Le processus de production est aussi difficile à stabiliser. Selon des courriels échangés entre l'Agence européenne du médicament (EMA) et Pfizer, et révélés par des hackeurs, l'EMA s'inquiète justement de la disparité de qualité des lots de vaccin, les quantités d'ARN « efficace » variant fortement d'un lot à l'autre. « Certains premiers lots de matières premières ne répondaient pas aux normes. Nous avons résolu le problème, mais nous avons manqué de temps pour répondre aux expéditions prévues de cette année », prévenait Pfizer en décembre, rappelant que le laboratoire n'avait encore jamais produit de vaccin à ARN. Il faut enfin stabiliser le vaccin, qui rappelons-le doit être conservé à -70 °C. Tout cela nécessite des adaptations industrielles et logistiques qui prennent naturellement un peu de temps.

Millions de doses de vaccins qui devraient être livrées chaque mois en France. (NB : des commandes supplémentaires pourraient être activées en 2021). Source : Santé publique France

Millions de virus à fabriquer à la chaîne

Les problèmes concernant le vaccin d’Oxford et AstraZeneca sont un peu différents. En effet, il s'agit d'un vaccin « classique » reposant sur un adénovirus de chimpanzé transformé pour exprimer la protéine Spike du SARS-CoV-2. Il faut donc cultiver des cellules animales en masse, ce qui nécessite un environnement idéal de température, de pression, d'acidité et de composition des nutriments difficile à maîtriser. Les virus doivent ensuite être purifiés soigneusement pour ne pas les endommager. Le contrôle de qualité du produit final, qui comporte des tests de pureté, d'activité, de sécurité microbiologique et d'innocuité est également très long (jusqu'à un an pour certains vaccins). Chez Novasept, le sous-traitant français d'AstraZeneca qui fabrique les vecteurs viraux en Belgique, on évoque notamment un rendement insuffisant d'une des lignées cellulaires utilisées pour multiplier les virus. Mais AstraZeneca refuse de donner les raisons précises de son retard.

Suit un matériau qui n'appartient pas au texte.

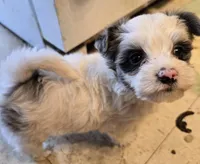 Bella, a female Yorkipoo for sale in Springfield, OH – Photo 5 of 6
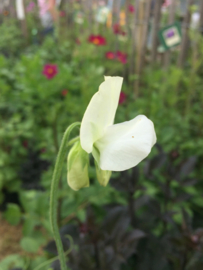 Lathyrus odoratus 'White Ensign', Siererwt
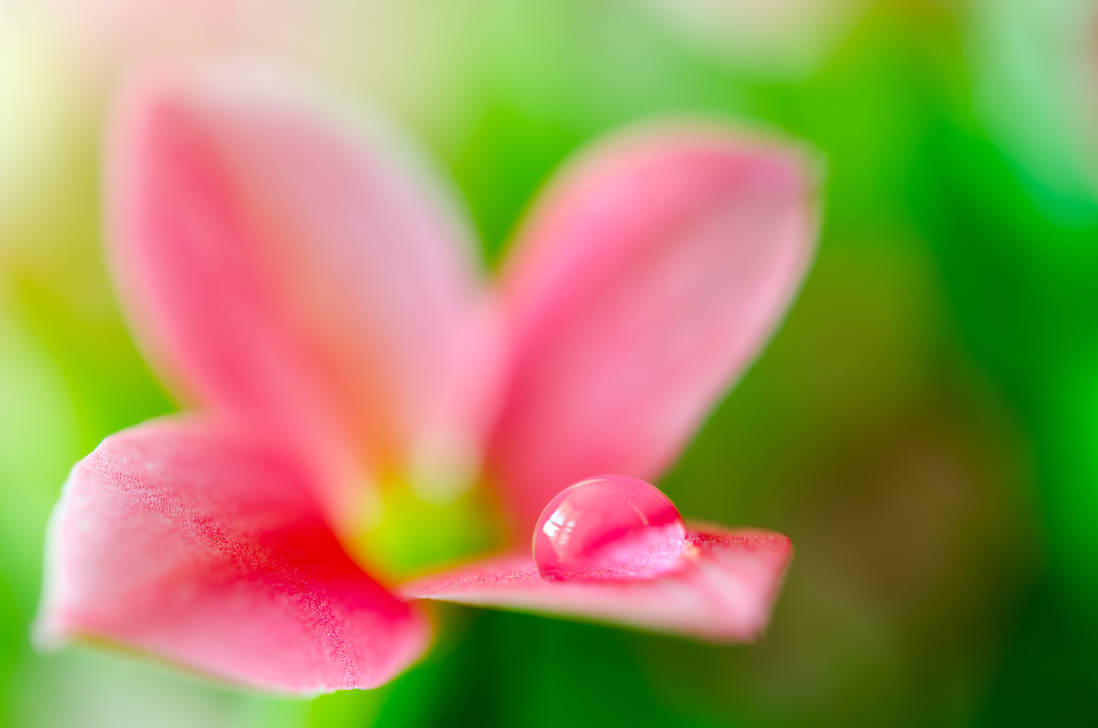 Flower Macro by Rentapest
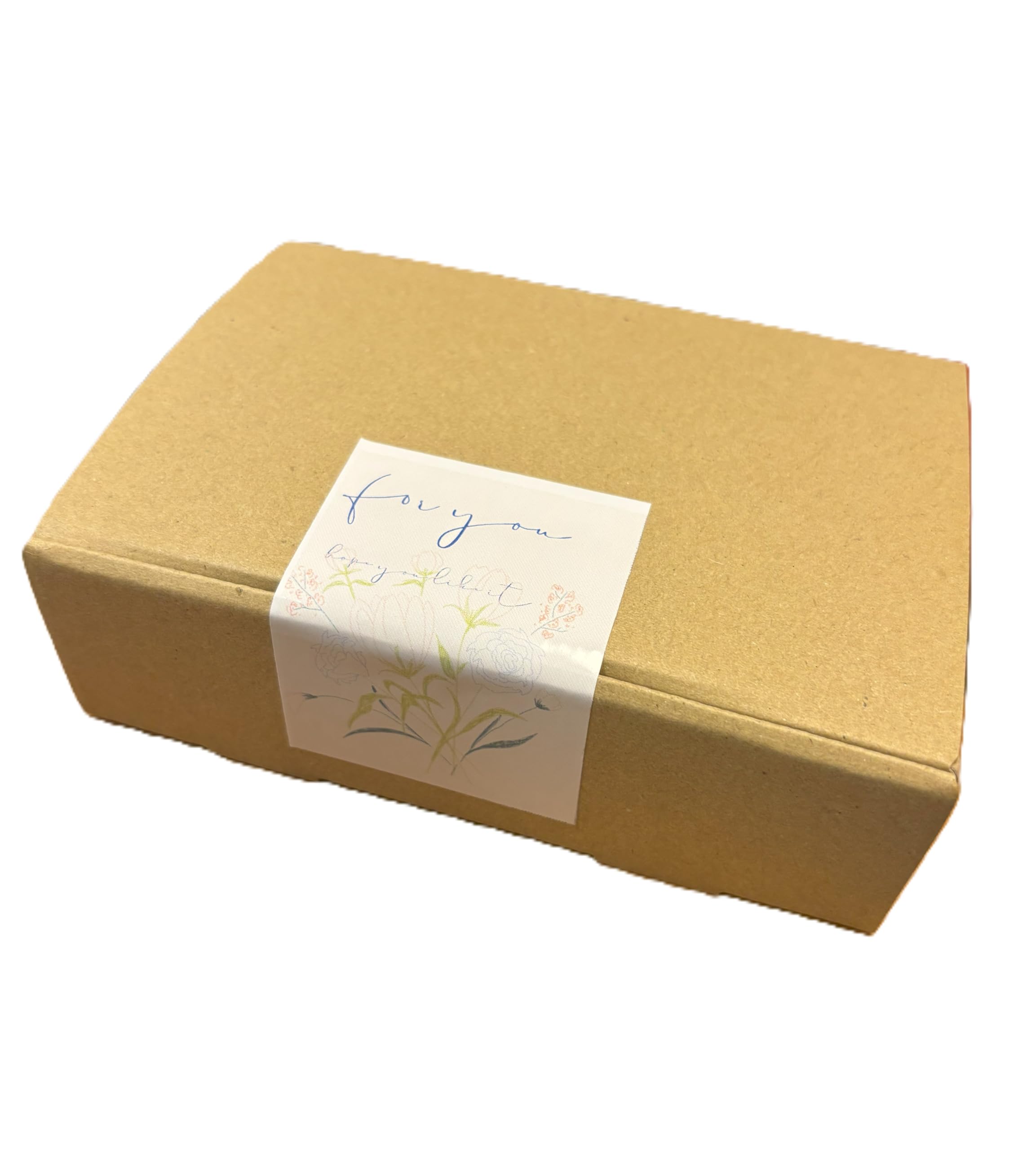 Amazon | LUSH バスボム 柴犬 ギフトボックス入り (青)オリジナル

Au vu de l'urgence dans laquelle les laboratoires ont dû adapter leur production, les retards n'ont donc rien de surprenant. « AstraZeneca éprouve des difficultés à monter en capacité industrielle [...]. C'est quelque chose de très courant, assure sur BFMTV Agnès Pannier-Runacher, la ministre déléguée chargée de l'industrie. J'ai travaillé dans la production et je peux vous le dire, des déviations d'une ou deux semaines où vous essayez de faire en sorte que votre production industrielle soit au bon niveau de qualité et au bon niveau de volume, c'est extrêmement courant. »

Le patron d'AstraZeneca, lui, déplore l'égoïsme de certaines nations dans la pandémie. « Il y a eu un peu de comportement de "moi d'abord" » pour accéder au plus vite aux vaccins, a fustigé le Français Pascal Soriot lors du Forum économique de Davos. Une façon d'appeler les Européens à la patience.